I’m gonna miss Jeff Laughlin, the inaugural sports columnist for Triad City Beat, in much the same way I miss myself when I was him: single, aging, full of unfulfilled promise and ready to make things happen.
He’s moving to New York, which is the exact opposite of what I did when I felt it was time to get in the game. It’s a poignant moment, and one that does not last.
You don’t make many new friends as you get older; that’s just the way it goes. And I stopped running around shortly before I met him, when he became my intern years ago.
But Laughlin is my friend, and I wanted to send him off. I wanted his exit to be different from the unceremonious dozens I’ve endured in the Triad over the years, that steady bleed of good people who head out for better things. I’d never be able to convince him to stay. But at the least, I could show up to see his band.

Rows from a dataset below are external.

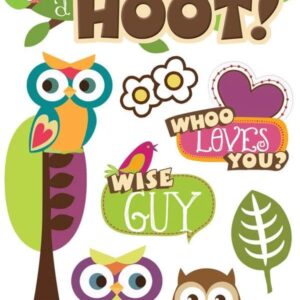 Paper House 3D You're A Hoot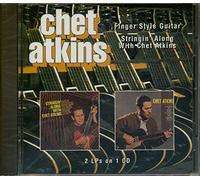 Chet Atkins - Finger Style Guitar
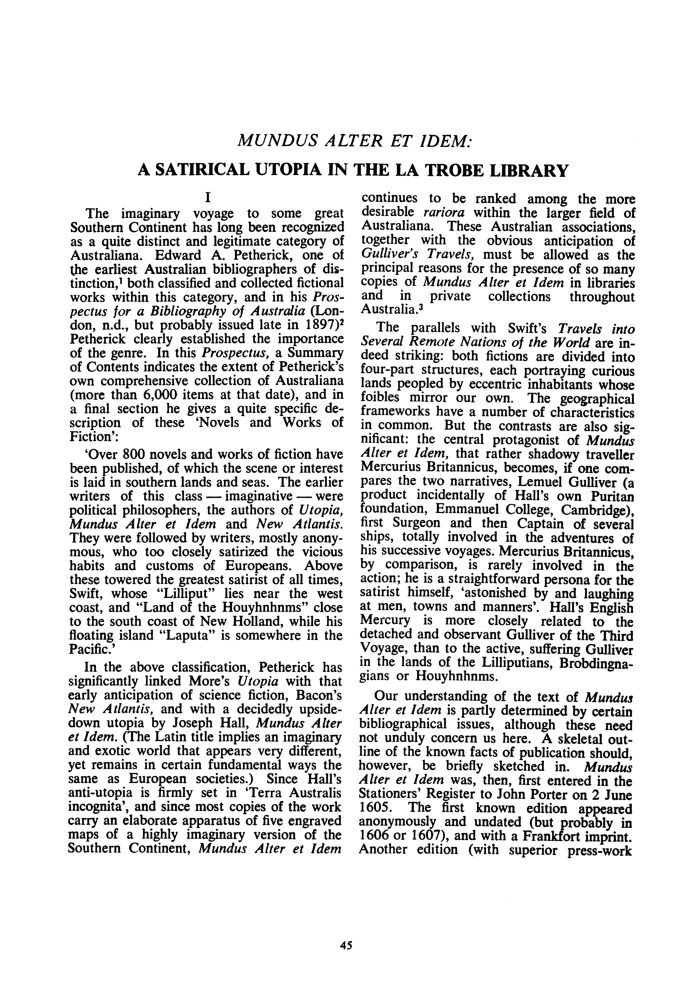 Page 45 - No 19 April 1977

I brought my son to the house show. He’s every inch a teenage kid, though under the right lighting and circumstances I think he might be able to hustle up some action among grown folks. But that’s not why I brought him.
Laughlin’s band eased into an acoustic set accented by the sweet tones of a Rhodes keyboard and his own voice, a high tenor that worked its way through the friendly crowd like a waitress passing out shots of whiskey.
Jeff the funnyman, Jeff the jaded, Jeff the reluctant poet gave himself over to these ballads and fables, inhabited them like a spirit. And in those moments where the man became the song and the song became him, he gave us all a glimpse into his nature, his true self.
I wanted my son to see that. I wanted him to see that people still gather in rooms with their friends and make music to the night, and maybe there’ll be a fire to stand by, and perhaps you’ll get the chance to see someone you know in an entirely new light.
There are people who stay, and there are people who go, and there are many of us for whom such things matter. For us, the chapters of this city are written in nights like this.
Jeff was beautiful, as content as ever I’ve seen him, even as the time passed through his grasp like smoke.
I wanted my kid to see that, too — that there are moments in our lives so sweet as to last forever. And that it’s okay to move on.